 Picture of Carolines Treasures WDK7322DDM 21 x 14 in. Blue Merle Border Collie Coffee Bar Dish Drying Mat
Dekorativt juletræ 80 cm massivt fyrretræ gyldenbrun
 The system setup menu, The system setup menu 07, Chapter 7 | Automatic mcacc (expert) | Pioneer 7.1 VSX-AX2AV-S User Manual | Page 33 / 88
══════
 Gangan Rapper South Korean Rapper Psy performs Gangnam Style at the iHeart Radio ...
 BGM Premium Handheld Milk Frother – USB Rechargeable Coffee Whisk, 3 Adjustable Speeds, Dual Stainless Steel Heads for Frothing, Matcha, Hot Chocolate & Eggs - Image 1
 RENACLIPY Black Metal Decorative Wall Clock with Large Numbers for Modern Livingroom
══════
- WHAT THIS TASK INVOLVES
The reply should hold only the lines of the listing above starting at the line containing "Gangan Rapper South" and ending at the line containing "RENACLIPY Black Metal", exactly as written.

- TASK OUTPUT
 Gangan Rapper South Korean Rapper Psy performs Gangnam Style at the iHeart Radio ...
 BGM Premium Handheld Milk Frother – USB Rechargeable Coffee Whisk, 3 Adjustable Speeds, Dual Stainless Steel Heads for Frothing, Matcha, Hot Chocolate & Eggs - Image 1
 RENACLIPY Black Metal Decorative Wall Clock with Large Numbers for Modern Livingroom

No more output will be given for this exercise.